[Opening Raw data section]

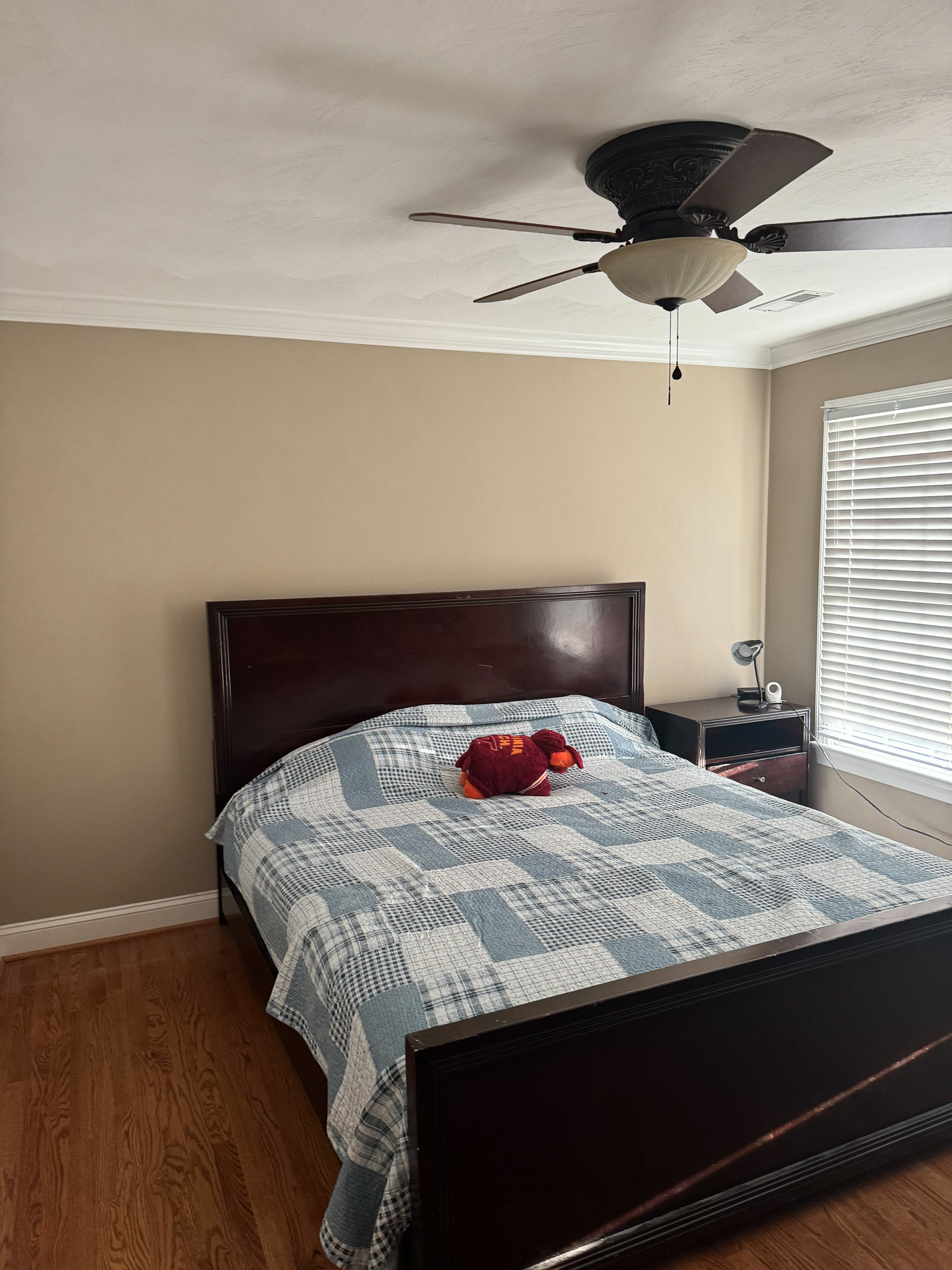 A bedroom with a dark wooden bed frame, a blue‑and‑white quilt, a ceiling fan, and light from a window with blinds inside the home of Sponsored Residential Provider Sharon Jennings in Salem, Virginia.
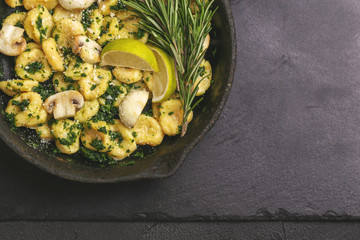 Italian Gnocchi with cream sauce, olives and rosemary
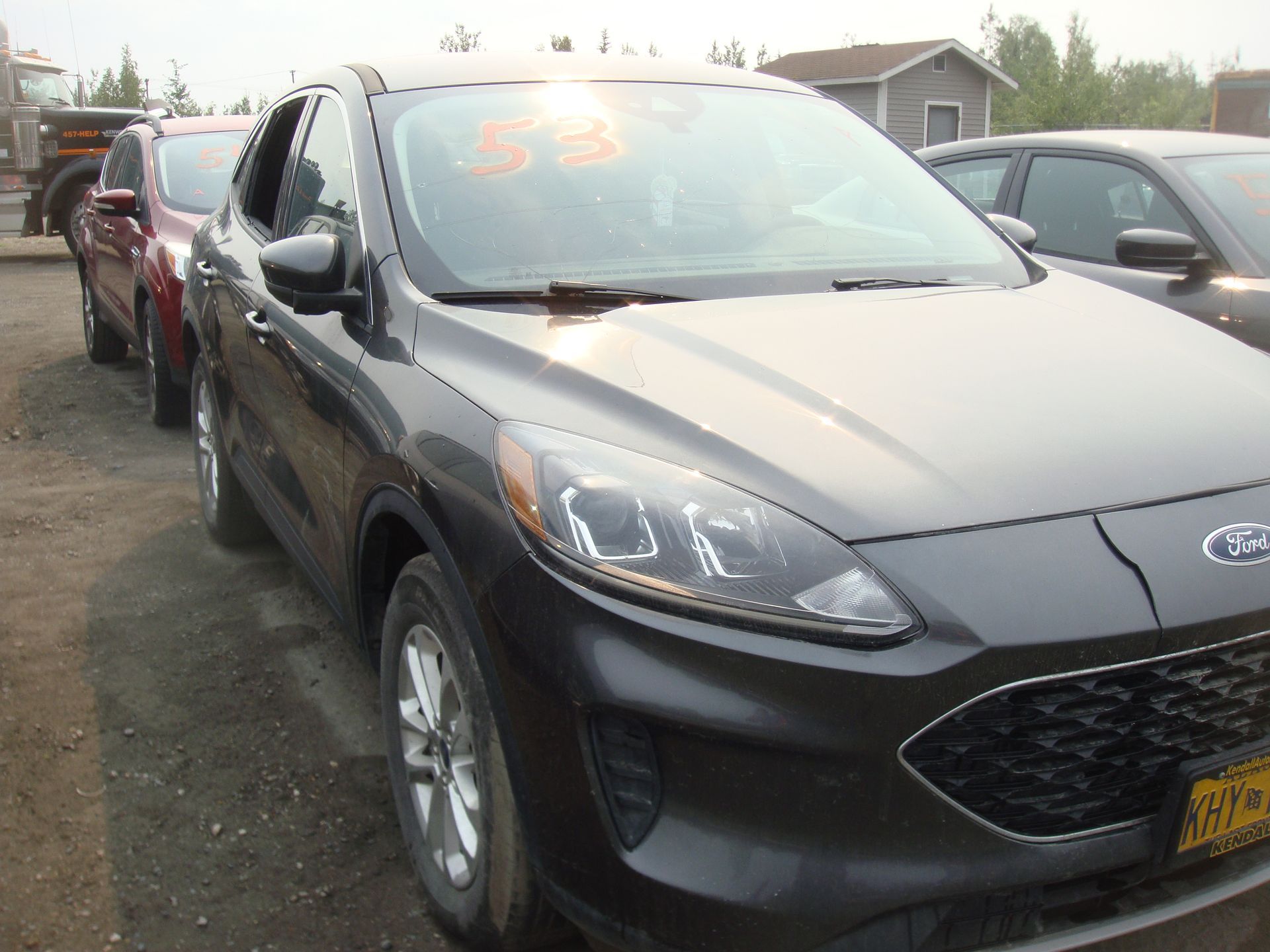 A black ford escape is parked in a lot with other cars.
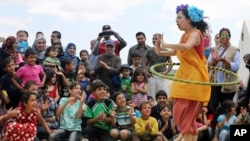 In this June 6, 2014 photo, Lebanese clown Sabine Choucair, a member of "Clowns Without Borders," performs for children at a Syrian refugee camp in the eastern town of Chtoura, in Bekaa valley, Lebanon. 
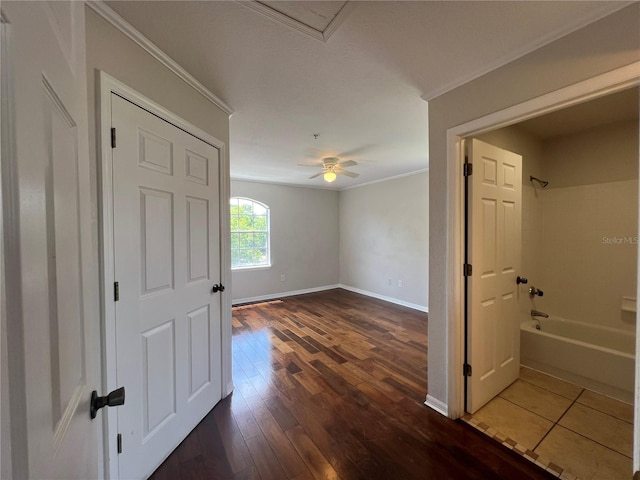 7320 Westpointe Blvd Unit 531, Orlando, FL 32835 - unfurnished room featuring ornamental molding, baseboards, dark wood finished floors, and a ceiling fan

[Closing Raw data section]

For this copy, leave pictures out and reproduce the lines from the one bearing "Italian Gnocchi with" through the final line of the listing above, both ends included.

**Answer for this exercise:**
 Italian Gnocchi with cream sauce, olives and rosemary
 A black ford escape is parked in a lot with other cars.
 In this June 6, 2014 photo, Lebanese clown Sabine Choucair, a member of "Clowns Without Borders," performs for children at a Syrian refugee camp in the eastern town of Chtoura, in Bekaa valley, Lebanon. 
 7320 Westpointe Blvd Unit 531, Orlando, FL 32835 - unfurnished room featuring ornamental molding, baseboards, dark wood finished floors, and a ceiling fan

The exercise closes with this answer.